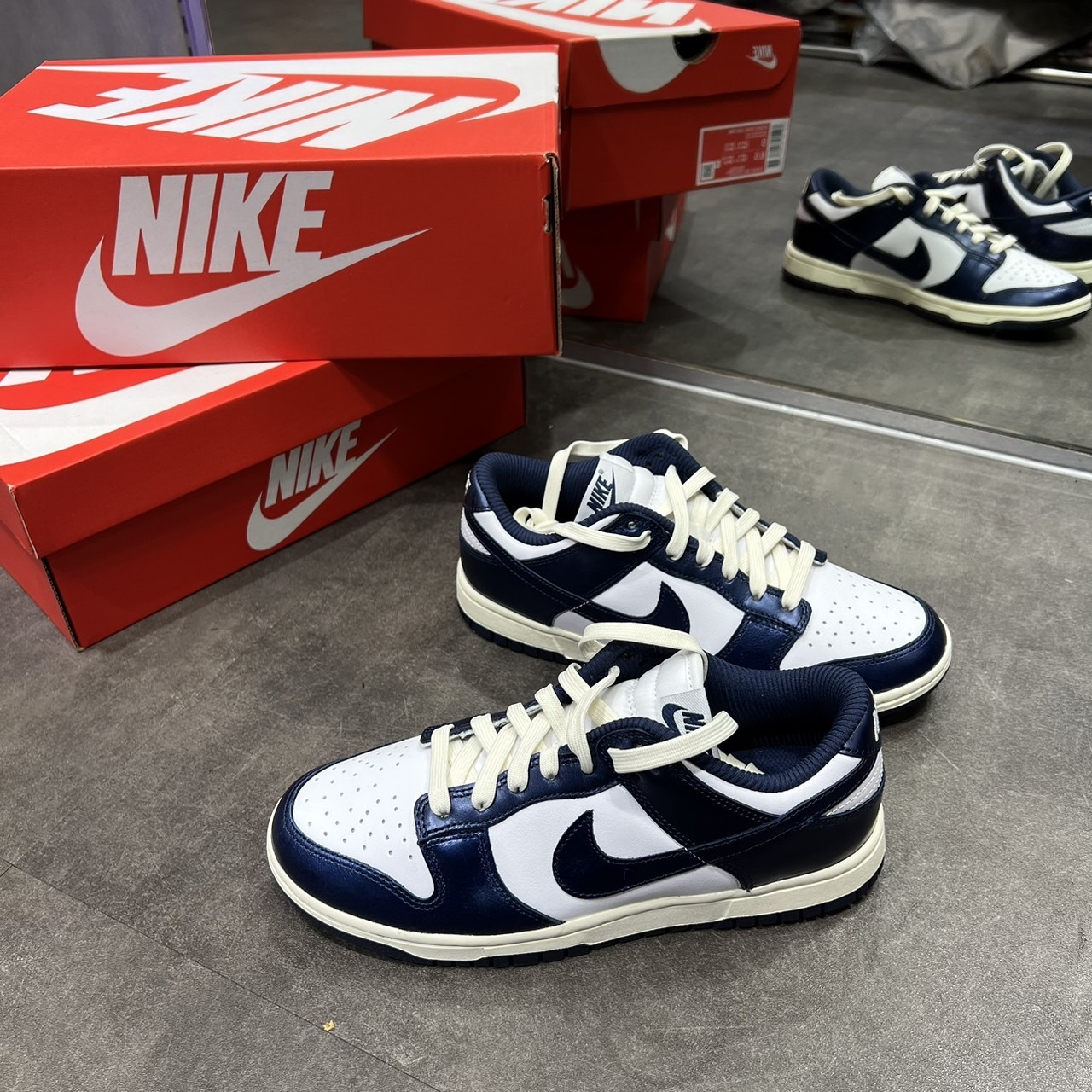 NIKE DUNK LOW "VINTAGE NAVY"  深藍 奶油底 海軍藍 亮皮  FN7197-100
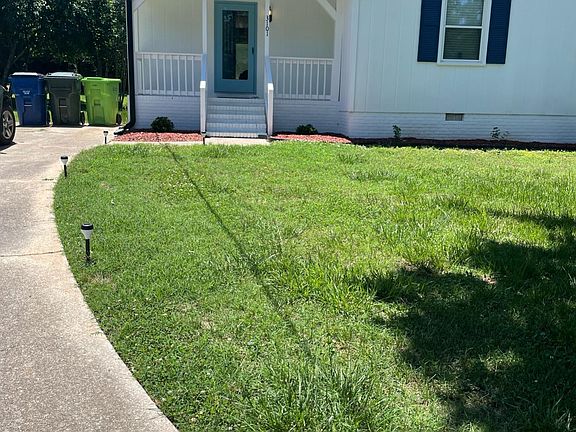 2nd image of 3101 Crandon Ln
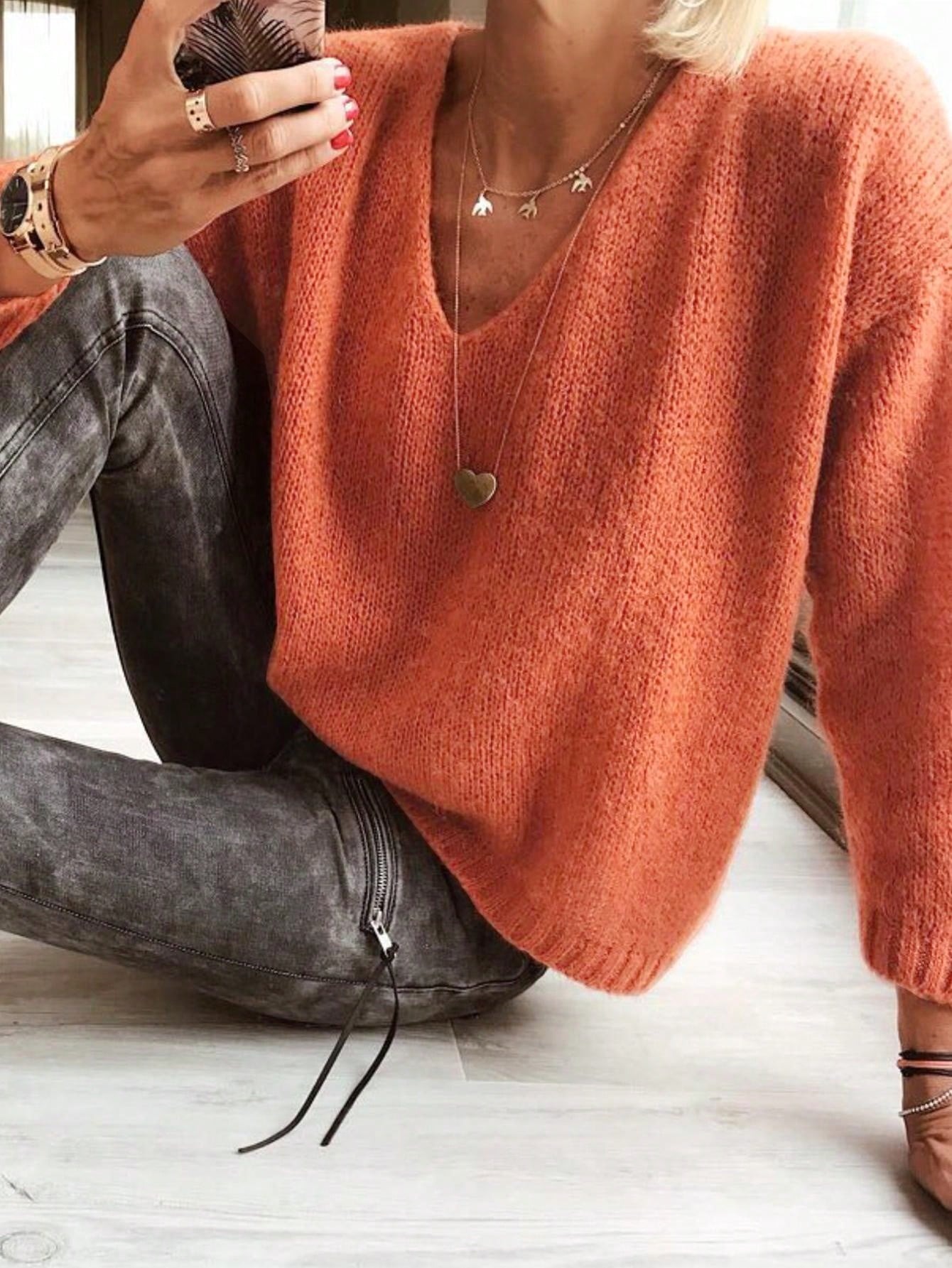 Custom MadeSimple Solid Color V-Neck Knit Sweater, Loose & Slimming, Elegant Casual Style, Pullover Long Sleeve Top, Autumn-Winter Burnt Orange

Directions for this task -> Transcribe all the material exactly; skip every image.

Your solution ->
 NIKE DUNK LOW "VINTAGE NAVY"  深藍 奶油底 海軍藍 亮皮  FN7197-100
 2nd image of 3101 Crandon Ln
 Custom MadeSimple Solid Color V-Neck Knit Sweater, Loose & Slimming, Elegant Casual Style, Pullover Long Sleeve Top, Autumn-Winter Burnt Orange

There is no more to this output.